Doing the Front Border – Again

It was all supposed to look so beautiful. A gleaming white picket fence, a formal half-moon, edged with naughtily ruffled thyme behind which were balls of lavender, then a mass of other planting that I hadn’t decided and boldly centered with a stately ornamental cherry blossom over-flowing with not one, but two magnificent clematis flanked on either side by the most exquisite and deliciously scented climbing roses. It was to be the perfect picture of a most arresting front border.

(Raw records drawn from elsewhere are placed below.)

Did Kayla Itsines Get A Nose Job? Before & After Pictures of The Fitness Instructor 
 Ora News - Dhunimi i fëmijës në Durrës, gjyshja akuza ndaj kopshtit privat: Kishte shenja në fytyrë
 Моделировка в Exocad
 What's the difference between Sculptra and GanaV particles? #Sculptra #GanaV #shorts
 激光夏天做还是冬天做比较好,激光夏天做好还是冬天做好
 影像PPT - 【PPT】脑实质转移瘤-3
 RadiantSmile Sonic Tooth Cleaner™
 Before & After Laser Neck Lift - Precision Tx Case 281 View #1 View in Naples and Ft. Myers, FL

The reality turned out to be arresting alright, but for a very different reason. While we had the fence, the thyme, the clematis and lavender, the roses and tree have turned decidedly sour. The problem at heart is a lack of water. Bizarrely for a garden that stays underwater for so long, the front is actually sun-baked, exposed and very, very dry. I hadn’t appreciated how dry it could get until mid-summer last year, where the roses showed signed of severe stress and suffered from lacklustre growth, wilting flowers and disease. Teasing Georgia – a rampantly beautiful and voluptuous rose not only in flower but in growth, turned into a gnarly, twisted and diseased bush, a mere shadow of its former self. Gertrude Jekyll didn’t like being shaded by the ornamental cherry and complained by defoliating completely. The tree itself became covered in ant-farmed blackfly that stunted its growth and caused unsightly curling of leaves. Pigeons flew in to snack, decimating the blossom and shredding the fresh new leaves. In winter, this tree hangs on to its dead leaves even as they hang limp and rotting in some kind of macabre film-noir.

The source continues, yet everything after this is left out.